▸ PROBLEM
Lines below starting with the line with "MIRA 15Oz Insulated" and going on through the line with "vidaxl Garden sofa" must be output exactly; the rest of the records must be left out.

▸ SUPPLIED MATERIAL

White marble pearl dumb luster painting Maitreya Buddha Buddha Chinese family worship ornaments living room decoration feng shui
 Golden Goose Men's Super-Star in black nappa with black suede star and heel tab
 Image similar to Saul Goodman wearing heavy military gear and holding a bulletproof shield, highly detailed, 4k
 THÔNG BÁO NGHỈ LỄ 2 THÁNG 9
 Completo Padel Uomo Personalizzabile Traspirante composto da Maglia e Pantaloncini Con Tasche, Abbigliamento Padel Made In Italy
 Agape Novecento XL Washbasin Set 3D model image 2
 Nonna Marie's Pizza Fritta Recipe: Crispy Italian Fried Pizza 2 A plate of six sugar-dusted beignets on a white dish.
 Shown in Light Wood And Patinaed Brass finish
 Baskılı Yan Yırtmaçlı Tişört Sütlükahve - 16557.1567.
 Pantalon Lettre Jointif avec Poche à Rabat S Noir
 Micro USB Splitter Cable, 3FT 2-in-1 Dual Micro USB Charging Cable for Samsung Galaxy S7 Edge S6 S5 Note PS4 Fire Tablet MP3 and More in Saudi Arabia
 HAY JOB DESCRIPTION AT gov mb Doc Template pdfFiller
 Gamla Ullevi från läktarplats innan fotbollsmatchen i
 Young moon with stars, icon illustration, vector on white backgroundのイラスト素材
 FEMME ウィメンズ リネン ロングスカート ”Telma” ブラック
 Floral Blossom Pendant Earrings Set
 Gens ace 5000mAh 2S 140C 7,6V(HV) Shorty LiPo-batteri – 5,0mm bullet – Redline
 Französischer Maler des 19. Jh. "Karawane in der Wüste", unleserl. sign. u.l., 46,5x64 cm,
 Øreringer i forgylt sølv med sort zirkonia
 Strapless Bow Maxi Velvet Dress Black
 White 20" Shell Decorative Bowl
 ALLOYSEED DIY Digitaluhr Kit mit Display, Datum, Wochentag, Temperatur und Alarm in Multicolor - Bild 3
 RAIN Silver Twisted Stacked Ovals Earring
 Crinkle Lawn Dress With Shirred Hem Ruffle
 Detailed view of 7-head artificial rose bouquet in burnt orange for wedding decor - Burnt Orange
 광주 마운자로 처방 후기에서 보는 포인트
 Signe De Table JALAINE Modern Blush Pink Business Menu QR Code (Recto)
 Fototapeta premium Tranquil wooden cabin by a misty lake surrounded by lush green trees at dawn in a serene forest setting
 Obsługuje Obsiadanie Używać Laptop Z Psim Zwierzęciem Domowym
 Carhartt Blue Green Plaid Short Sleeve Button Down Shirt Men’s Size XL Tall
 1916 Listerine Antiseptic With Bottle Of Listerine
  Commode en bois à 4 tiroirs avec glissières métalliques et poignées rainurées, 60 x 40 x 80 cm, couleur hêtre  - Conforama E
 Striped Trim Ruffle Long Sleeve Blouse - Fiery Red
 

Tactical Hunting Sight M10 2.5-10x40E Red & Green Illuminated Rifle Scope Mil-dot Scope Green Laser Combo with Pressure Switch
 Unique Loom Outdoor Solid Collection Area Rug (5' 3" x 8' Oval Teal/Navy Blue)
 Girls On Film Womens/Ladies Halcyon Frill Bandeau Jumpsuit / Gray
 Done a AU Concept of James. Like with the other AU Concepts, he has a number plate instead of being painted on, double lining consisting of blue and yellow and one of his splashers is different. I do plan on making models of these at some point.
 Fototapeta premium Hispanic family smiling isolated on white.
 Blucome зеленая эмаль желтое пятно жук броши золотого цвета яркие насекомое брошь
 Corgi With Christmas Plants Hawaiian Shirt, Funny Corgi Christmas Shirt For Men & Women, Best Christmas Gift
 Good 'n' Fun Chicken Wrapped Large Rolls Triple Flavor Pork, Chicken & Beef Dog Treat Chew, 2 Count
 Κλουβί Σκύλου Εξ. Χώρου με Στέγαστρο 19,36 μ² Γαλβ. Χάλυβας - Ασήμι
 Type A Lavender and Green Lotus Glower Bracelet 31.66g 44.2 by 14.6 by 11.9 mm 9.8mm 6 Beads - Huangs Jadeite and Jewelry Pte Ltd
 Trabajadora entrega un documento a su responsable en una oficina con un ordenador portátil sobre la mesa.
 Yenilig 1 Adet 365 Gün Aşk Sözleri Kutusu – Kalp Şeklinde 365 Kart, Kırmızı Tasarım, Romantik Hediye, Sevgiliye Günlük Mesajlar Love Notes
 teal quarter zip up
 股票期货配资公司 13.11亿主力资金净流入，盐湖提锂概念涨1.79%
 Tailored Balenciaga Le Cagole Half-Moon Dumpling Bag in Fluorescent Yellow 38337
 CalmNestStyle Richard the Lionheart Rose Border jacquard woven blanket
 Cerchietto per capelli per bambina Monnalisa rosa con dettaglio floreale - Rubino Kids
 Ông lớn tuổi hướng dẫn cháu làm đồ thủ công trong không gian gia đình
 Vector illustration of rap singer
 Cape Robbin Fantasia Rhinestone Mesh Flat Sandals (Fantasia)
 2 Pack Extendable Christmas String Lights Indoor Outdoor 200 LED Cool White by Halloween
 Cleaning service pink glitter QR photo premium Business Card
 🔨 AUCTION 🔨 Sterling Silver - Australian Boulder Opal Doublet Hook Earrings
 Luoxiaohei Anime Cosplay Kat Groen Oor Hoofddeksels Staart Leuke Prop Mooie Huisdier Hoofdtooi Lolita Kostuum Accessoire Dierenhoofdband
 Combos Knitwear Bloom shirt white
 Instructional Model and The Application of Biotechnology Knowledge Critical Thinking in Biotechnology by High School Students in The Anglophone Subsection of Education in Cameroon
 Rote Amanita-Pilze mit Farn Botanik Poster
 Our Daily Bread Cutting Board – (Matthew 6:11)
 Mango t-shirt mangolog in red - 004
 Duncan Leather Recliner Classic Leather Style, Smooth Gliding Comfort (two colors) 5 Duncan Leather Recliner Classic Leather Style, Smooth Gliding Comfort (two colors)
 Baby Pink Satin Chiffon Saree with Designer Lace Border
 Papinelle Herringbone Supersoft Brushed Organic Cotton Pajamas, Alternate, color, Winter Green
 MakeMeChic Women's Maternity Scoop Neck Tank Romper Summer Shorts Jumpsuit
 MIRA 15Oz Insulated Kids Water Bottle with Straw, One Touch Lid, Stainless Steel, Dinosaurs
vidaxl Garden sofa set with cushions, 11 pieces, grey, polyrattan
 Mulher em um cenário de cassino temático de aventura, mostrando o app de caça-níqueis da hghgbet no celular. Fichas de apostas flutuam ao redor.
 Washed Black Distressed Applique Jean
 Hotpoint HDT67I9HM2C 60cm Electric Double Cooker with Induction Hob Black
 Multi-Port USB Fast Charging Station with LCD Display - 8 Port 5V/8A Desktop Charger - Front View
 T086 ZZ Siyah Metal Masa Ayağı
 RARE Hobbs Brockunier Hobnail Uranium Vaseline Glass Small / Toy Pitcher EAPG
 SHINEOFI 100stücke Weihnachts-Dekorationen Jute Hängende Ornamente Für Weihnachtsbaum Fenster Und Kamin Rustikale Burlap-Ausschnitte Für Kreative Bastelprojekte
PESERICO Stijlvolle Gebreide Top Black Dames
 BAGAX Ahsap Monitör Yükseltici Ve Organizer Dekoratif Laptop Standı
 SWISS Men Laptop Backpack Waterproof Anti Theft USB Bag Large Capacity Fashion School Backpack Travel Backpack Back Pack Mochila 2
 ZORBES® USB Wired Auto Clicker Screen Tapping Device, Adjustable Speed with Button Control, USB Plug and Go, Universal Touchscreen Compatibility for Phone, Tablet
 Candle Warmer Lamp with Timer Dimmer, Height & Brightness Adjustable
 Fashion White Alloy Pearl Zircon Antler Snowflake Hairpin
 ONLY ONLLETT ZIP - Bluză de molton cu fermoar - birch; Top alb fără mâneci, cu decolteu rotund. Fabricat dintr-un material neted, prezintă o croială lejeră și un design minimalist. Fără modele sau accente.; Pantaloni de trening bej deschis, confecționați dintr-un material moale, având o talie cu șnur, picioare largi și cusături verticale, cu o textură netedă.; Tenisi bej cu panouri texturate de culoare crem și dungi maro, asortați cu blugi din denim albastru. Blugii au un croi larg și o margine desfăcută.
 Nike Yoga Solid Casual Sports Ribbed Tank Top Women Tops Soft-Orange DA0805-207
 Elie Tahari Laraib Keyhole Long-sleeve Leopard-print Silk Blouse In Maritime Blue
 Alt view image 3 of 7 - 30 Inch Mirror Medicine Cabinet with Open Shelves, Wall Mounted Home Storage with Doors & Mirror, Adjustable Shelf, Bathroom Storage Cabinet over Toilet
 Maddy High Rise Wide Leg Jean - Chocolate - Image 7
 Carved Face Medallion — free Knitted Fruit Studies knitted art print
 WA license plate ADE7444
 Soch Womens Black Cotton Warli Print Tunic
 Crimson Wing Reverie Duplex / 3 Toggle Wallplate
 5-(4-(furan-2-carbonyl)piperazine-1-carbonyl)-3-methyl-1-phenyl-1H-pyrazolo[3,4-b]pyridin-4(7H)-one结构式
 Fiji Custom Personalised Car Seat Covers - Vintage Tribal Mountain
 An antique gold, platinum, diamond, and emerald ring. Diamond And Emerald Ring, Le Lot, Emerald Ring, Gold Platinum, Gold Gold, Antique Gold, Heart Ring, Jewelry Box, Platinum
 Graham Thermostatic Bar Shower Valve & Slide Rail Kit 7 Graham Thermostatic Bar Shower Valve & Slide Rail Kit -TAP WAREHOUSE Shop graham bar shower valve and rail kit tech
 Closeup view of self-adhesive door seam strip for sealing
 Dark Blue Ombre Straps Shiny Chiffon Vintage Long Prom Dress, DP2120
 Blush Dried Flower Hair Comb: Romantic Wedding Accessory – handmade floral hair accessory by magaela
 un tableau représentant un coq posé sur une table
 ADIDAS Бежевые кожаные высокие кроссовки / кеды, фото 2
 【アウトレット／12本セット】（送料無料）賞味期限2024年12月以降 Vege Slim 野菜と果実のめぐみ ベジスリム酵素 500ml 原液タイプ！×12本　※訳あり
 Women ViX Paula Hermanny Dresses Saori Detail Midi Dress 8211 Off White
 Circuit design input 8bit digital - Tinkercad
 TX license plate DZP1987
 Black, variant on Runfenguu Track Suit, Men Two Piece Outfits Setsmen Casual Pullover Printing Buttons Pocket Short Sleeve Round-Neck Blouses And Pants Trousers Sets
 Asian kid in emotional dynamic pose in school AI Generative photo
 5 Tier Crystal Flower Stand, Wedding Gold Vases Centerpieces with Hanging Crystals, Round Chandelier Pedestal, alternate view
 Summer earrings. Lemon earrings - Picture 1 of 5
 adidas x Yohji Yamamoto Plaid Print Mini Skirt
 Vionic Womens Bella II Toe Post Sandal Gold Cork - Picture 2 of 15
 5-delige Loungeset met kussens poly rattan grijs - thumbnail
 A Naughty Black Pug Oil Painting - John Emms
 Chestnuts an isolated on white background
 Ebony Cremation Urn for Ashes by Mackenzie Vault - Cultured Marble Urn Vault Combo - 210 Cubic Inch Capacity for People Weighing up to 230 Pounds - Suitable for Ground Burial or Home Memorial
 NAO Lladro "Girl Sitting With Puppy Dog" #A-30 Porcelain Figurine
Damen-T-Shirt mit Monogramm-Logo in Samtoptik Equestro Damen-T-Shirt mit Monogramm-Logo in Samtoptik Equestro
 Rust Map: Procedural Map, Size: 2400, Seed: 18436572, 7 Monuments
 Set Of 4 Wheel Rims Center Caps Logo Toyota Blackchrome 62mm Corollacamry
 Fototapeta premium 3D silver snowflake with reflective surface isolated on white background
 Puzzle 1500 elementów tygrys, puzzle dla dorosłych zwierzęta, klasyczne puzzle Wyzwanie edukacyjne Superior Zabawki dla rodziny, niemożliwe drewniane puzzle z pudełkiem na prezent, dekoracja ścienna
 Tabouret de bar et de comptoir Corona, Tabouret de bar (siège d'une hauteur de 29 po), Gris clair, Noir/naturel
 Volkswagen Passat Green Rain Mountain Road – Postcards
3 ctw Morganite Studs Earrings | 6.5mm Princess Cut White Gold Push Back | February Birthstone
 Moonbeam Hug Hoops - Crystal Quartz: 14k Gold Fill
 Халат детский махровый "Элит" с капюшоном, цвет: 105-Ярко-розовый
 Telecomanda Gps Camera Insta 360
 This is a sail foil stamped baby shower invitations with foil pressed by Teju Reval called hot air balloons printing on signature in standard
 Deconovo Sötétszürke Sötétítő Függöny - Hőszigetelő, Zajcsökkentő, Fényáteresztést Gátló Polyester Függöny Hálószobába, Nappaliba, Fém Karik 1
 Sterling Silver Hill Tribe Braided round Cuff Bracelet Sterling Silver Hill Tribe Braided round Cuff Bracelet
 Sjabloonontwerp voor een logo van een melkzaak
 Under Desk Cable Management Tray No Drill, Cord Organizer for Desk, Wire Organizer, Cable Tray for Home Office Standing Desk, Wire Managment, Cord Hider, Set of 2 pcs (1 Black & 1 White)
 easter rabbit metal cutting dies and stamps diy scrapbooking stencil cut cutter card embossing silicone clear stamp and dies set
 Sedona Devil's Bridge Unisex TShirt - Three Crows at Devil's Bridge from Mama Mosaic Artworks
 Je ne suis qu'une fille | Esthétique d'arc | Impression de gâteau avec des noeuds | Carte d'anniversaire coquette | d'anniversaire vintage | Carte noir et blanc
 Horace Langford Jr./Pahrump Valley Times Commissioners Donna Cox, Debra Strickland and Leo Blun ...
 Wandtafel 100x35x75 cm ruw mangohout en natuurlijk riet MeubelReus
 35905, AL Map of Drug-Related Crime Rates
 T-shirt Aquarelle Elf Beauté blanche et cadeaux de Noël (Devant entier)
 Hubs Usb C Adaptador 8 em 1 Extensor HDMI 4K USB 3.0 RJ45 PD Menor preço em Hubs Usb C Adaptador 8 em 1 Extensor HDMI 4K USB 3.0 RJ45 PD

▸ RESULT FOR THIS TASK
 MIRA 15Oz Insulated Kids Water Bottle with Straw, One Touch Lid, Stainless Steel, Dinosaurs
vidaxl Garden sofa set with cushions, 11 pieces, grey, polyrattan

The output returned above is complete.